91 yıl önce bugündür. ulu önder mustafa kemal atatürk'ün ankara'ya gelişidir.
--spoiler--
takvim, 27 aralık 1919 cumartesi. hava açık, ılık. birkaç gün önce sepeleyen kar tutmamış.
halk, çankaya bağlarının batısındaki kırşehir yoluna açılan yokuş boyunca akın akın yollarda. kulaklar minarelerde. o tarihi anı, selalarla bütün ankaraya müezzinler duyuracaktı.
mustafa kemali karşılamaya çıkanlar arasında bölük bölük seymenler göz alıcı bir biçimde. hepsi de çakı gibi. kimi atlı, kimi yaya. kiminin sağ omzunda baltaları asılı, kiminin martini tüfekleri çapraz. şal kuşaklarında hançerleri parlıyor. gözleri gibi.
elbas köyünden usta davulcular gelmiş. abdal hasanlar, deli haydarlar, kara mahmutlar, mohaçtan, çaldırandan, ya da bir başka er meydanından.
sabırsız bir bekleyiş bu.
saatler öğleden sonra üçü on geçeyi gösterirken, o selalar duyuldu. cümle halk arasında bir dalgalanma oldu. yokuş başına doğru bir yüklendi ankara. bir sevinçli telaş, bir büyük heyecan.
uzaklarda bir motor gürültüsü vardı. sonra, korna sesleri. evet, geliyordu mustafa kemal.
bandırma vapuruyla samsuna gelen osmanlı paşası o miralay mustafa kemal hazretleri değildi bu gelen. anadolu hareketini başlattığı için boynunda sarayın idam fermanını taşıyan, bütün rütbelerinden istifa etmiş ve milletin bağrına dönmüş bir fert olarak sadece mustafa kemaldi.

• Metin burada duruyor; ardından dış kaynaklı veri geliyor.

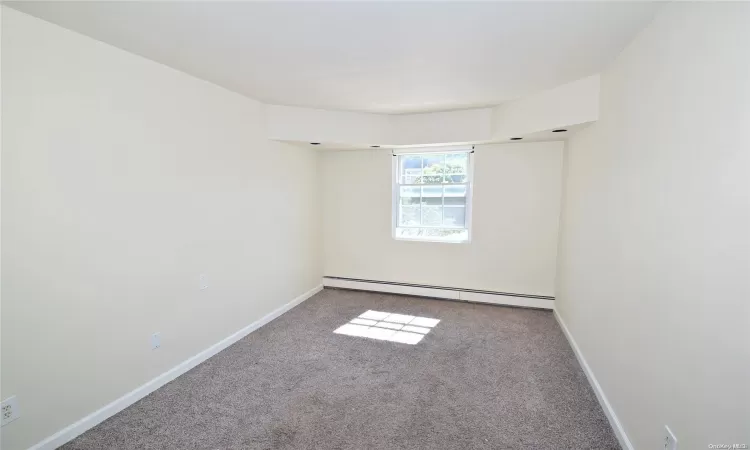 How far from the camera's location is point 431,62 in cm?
228

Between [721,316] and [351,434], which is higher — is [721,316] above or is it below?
above

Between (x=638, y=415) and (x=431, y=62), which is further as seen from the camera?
(x=431, y=62)

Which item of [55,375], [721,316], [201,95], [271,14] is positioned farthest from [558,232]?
[55,375]

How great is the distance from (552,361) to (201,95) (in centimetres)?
365

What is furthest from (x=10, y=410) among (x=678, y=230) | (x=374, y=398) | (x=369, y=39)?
(x=678, y=230)

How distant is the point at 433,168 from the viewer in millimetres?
4402

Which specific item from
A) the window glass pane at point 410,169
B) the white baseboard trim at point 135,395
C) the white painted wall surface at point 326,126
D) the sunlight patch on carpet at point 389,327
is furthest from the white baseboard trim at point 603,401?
the white baseboard trim at point 135,395

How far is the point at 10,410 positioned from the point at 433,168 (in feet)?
13.5

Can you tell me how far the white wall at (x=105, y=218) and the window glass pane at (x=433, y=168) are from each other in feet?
7.19

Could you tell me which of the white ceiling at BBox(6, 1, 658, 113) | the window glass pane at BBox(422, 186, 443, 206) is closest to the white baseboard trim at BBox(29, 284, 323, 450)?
the white ceiling at BBox(6, 1, 658, 113)

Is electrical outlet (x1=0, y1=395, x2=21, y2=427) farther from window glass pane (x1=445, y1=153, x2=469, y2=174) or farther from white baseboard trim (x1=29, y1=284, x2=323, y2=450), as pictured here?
window glass pane (x1=445, y1=153, x2=469, y2=174)

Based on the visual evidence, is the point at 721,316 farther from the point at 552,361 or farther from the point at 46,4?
the point at 46,4

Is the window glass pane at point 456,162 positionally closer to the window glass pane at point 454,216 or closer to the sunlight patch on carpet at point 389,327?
the window glass pane at point 454,216

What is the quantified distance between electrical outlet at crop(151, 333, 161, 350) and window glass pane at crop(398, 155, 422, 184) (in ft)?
10.4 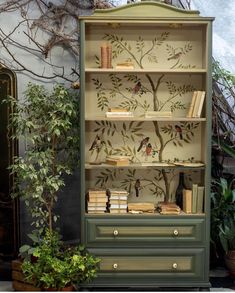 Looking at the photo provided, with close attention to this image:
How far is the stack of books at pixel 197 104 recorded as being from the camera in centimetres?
414

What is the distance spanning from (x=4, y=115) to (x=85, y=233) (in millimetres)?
1313

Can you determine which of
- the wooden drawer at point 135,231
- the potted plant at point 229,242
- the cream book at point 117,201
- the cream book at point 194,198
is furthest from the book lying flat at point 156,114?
the potted plant at point 229,242

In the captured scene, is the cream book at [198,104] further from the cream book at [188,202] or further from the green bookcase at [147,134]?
the cream book at [188,202]

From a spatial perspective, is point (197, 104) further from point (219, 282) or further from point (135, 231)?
point (219, 282)

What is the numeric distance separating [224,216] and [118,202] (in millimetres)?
1014

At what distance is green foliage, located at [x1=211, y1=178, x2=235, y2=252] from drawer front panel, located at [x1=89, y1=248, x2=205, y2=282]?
393 mm

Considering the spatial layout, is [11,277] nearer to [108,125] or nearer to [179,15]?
[108,125]

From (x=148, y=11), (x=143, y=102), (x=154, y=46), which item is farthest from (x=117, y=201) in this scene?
(x=148, y=11)

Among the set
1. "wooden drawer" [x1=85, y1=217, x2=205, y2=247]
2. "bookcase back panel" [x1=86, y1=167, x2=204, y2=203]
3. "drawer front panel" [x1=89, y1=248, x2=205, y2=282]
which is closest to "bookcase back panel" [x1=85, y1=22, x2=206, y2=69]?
"bookcase back panel" [x1=86, y1=167, x2=204, y2=203]

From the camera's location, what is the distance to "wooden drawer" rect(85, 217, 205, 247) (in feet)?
13.5

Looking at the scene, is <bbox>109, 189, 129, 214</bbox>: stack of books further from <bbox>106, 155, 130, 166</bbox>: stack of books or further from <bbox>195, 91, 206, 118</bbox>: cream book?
<bbox>195, 91, 206, 118</bbox>: cream book

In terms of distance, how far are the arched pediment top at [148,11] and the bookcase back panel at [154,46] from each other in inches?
11.8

kutsal kavgamızın. kurtuluş savaşının hazırlığını tamamlamıştı. ankara, bu hazırlığın doruk noktasıydı. yaralı bir ulus, artık onun önderliğinde buradan şahlanacaktı.
samsunda bir hurdalıktan alınan, her parçası bir başka yerde bulunmuş, üstü açık, köhne otomobili yaklaşınca heyecan son haddine varmıştı. davullar çok daha coşkuyla vuruyor, cümle tezahurat birbirine karışıyordu.
gülümsüyordu mustafa kemal, henüz 38 yaşındaydı ama, yüzünde, nice savaş meydanının tandırında yoğrulmuş bir başka olgunluk vardı. mavi gözleri çelik pırıltısıyla yanıyor, kalpağının iki kenarında, şakaklarında uçuşan başak rengi saçları, güzel yüzüne bir başka anlam veriyordu.
yokuş başında, seymenlerin önünde durdu. otomobilden indi. onlara doğru ağır ağır yürüdü.
hepsi bir anda esas duruşa geçtiler. her soluk tek can olmuştu. bütün gözler, onun gözlerinde düğümlüydü. vakur ve sert bir sesle:
- merhaba efendiler! dedi.
- sağol paşa hazretleri...
- arkadaşlar! buraya neden geldiniz?
- millet yolunda can vermeye geldik!
- fikrinizde sabit misiniz?
- and olsun.
... ve, işte o zaman mustafa kemalin gözleri ilk kez yaşardı. zincir kabul etmeyen bu ulus, onun peşinde, gerekirse ölüme bile, göz kırpmadan gidebilirdi.